Provided data
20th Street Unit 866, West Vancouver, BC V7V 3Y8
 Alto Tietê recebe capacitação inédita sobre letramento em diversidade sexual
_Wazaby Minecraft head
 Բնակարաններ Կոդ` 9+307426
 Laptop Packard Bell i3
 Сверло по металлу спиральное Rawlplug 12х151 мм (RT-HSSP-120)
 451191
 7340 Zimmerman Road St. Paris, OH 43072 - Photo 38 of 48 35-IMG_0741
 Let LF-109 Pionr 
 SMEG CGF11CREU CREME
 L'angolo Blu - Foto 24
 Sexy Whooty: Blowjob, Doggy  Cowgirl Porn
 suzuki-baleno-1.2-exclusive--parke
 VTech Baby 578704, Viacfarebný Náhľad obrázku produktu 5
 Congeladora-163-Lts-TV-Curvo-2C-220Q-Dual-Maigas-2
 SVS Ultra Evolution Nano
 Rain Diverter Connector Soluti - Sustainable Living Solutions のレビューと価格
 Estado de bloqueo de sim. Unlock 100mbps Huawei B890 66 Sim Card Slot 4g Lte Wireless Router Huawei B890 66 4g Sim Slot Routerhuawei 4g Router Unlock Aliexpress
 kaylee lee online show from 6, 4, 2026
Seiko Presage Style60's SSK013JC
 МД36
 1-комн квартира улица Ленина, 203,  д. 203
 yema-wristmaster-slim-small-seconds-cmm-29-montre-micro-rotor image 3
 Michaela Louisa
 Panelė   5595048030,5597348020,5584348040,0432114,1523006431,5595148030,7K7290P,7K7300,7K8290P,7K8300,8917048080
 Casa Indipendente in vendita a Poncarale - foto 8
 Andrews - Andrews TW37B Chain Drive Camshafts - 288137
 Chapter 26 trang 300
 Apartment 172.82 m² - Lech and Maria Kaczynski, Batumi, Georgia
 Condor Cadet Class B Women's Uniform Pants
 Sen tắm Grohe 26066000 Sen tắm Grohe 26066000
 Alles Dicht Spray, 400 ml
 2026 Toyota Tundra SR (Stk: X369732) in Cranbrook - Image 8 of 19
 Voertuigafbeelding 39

Prompt
Reproduce the material above without altering a single character.

Answer space
20th Street Unit 866, West Vancouver, BC V7V 3Y8
 Alto Tietê recebe capacitação inédita sobre letramento em diversidade sexual
_Wazaby Minecraft head
 Բնակարաններ Կոդ` 9+307426
 Laptop Packard Bell i3
 Сверло по металлу спиральное Rawlplug 12х151 мм (RT-HSSP-120)
 451191
 7340 Zimmerman Road St. Paris, OH 43072 - Photo 38 of 48 35-IMG_0741
 Let LF-109 Pionr 
 SMEG CGF11CREU CREME
 L'angolo Blu - Foto 24
 Sexy Whooty: Blowjob, Doggy  Cowgirl Porn
 suzuki-baleno-1.2-exclusive--parke
 VTech Baby 578704, Viacfarebný Náhľad obrázku produktu 5
 Congeladora-163-Lts-TV-Curvo-2C-220Q-Dual-Maigas-2
 SVS Ultra Evolution Nano
 Rain Diverter Connector Soluti - Sustainable Living Solutions のレビューと価格
 Estado de bloqueo de sim. Unlock 100mbps Huawei B890 66 Sim Card Slot 4g Lte Wireless Router Huawei B890 66 4g Sim Slot Routerhuawei 4g Router Unlock Aliexpress
 kaylee lee online show from 6, 4, 2026
Seiko Presage Style60's SSK013JC
 МД36
 1-комн квартира улица Ленина, 203,  д. 203
 yema-wristmaster-slim-small-seconds-cmm-29-montre-micro-rotor image 3
 Michaela Louisa
 Panelė   5595048030,5597348020,5584348040,0432114,1523006431,5595148030,7K7290P,7K7300,7K8290P,7K8300,8917048080
 Casa Indipendente in vendita a Poncarale - foto 8
 Andrews - Andrews TW37B Chain Drive Camshafts - 288137
 Chapter 26 trang 300
 Apartment 172.82 m² - Lech and Maria Kaczynski, Batumi, Georgia
 Condor Cadet Class B Women's Uniform Pants
 Sen tắm Grohe 26066000 Sen tắm Grohe 26066000
 Alles Dicht Spray, 400 ml
 2026 Toyota Tundra SR (Stk: X369732) in Cranbrook - Image 8 of 19
 Voertuigafbeelding 39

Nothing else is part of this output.